Why? "arr[i]" just means "skip i elements and get the next one," which is perfectly intuitive to me. I understand that familiarity is useful, but can you give an intuition for one-indexing that doesn't just appeal to what people are used to?

> the code gets much worse when the array... is some complex expression

Then... don't do that? Rust has "xs.last()", Python has "xs[-1]", and every language has variables. Anyway, even if that code is an "absolute mess" (which is a bit hyperbolic) it's hardly worse than the one-indexed equivalent, which would be

    confabulate(foo.bar.baz[foo.bar.baz.length]);


    confabulate(foo.bar.baz[foo.bar.baz.length]);
The problem I have is that at a glance this looks correct. Even after decades of programming, I would scroll right past this line in JS without noticing the off-by-1 error here. The only saving grace is that this error will occur consistently.

But yes, I'd take Rust's xs.last() in a heartbeat. Especially because you can assign through it with last_mut().

That said, I agree with others in this thread. People fixate on the 1 based indexing of lua but you get used to it pretty quickly once you spend time with the language. Lua's real problem is its sparse standard library and its weak package ecosystem. If history had run its course slightly differently, I could easily see lua ending up inside web browsers instead of javascript. And becoming much more popular as a result. Lua and javascript are remarkably similar languages semantically.


> The bigger problem, though, is that I even have to use array-based indexing to iterate something. That's just asking for bugs.

You absolutely do not, the standard Lua idiom is to use ipairs. The numeric for loop is there, of course, and the index of the pair (index, value) returned by ipairs will be 1 based. of course.

Iteration isn't why 1-based indexing is bad, it really shows its inadequacy when doing interval maths. I make abstract syntax trees in Lua, and a node in that tree with zero width at the 4th position is { left = 4, right = 3 } which is... awful.


> And for those claiming the world is 1-based, they're full of it.

I just did an N=1 experiment with my two children, aged 4 and 6. I held up a single apple in my hand, and asked them how many apples I was holding.

They said 1.


Except that your children are >1460 days old and >2190 days old.

You count age from 0 in most English-speaking countries (there are places where "1 year old" means 0<=x<365 days old). When you are less than 1, we count with smaller units.
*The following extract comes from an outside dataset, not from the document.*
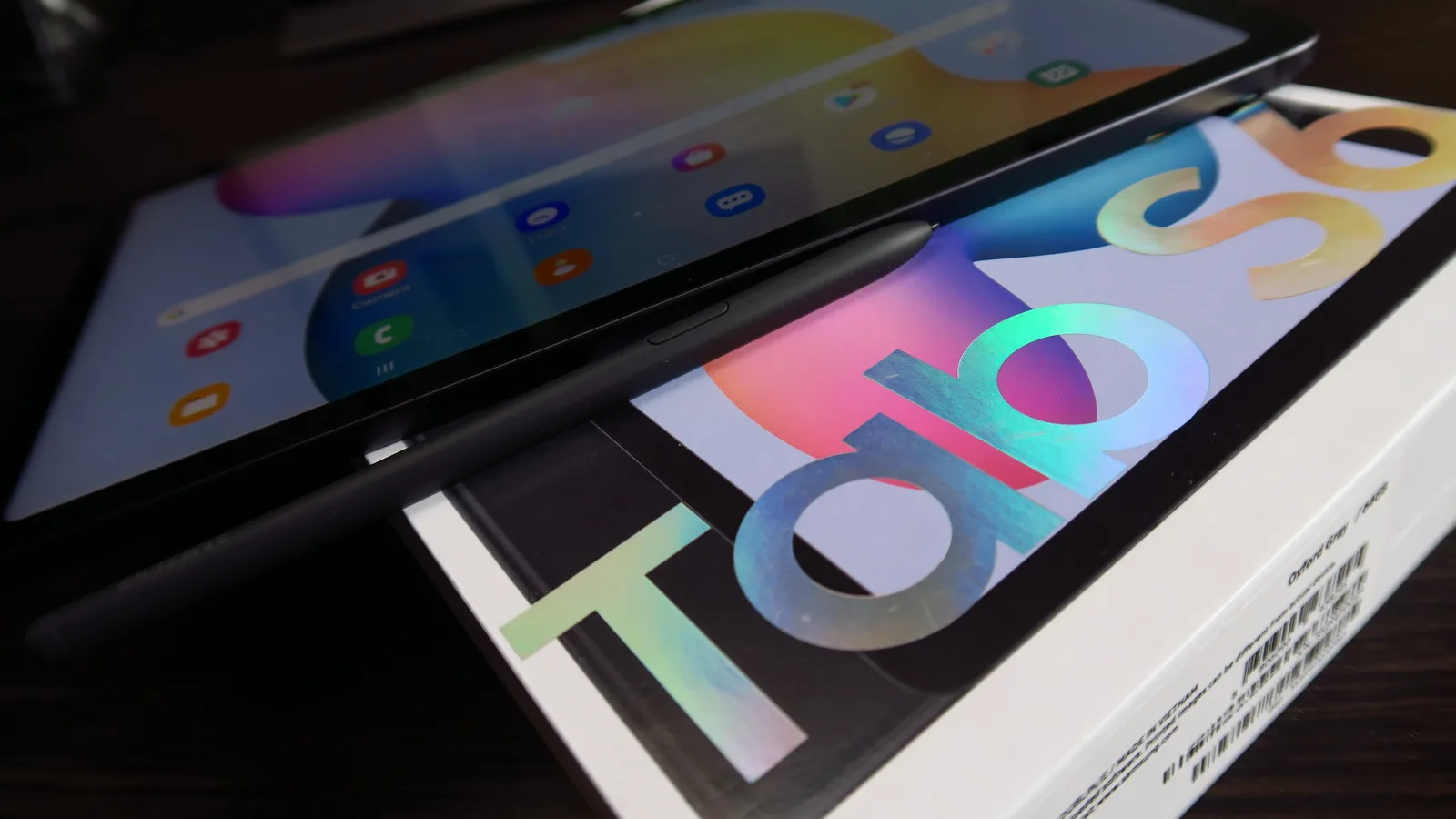 Samsung Galaxy Tab S6 Lite: Baterie bunicică, încărcare foarte lentă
So, my N=3 sample (you and your two children) says we use 0-based counting.

Thank you for making my point. :)


That's because I use round(age) when referring to their floating point age in conversation like any sane person.


Round(age)? So, they became one year old at 180 days? I doubt that.

And, as I pointed out, there are folks in the world who call their newborn "one year old". And they consider themselves quite sane, thanks.

They count from 1. We count from zero.

Back to the original issue ...

The problem you now have in programming is that it isn't enough that basing from 1 is equivalent. The vast majority of the programming world has converged on 0-based. 1-based has to demonstrate that it is better in order to compensate for the friction of existing in a 0-based world.

And 1-based simply isn't demonstrably better even if I concede that it isn't worse (and I do not concede that).


It made a lot more sense to me once I fixed the terminology.

You keep saying index, but what you are referring to is an offset.


Measuring and counting seem to be two fundamental things in this context.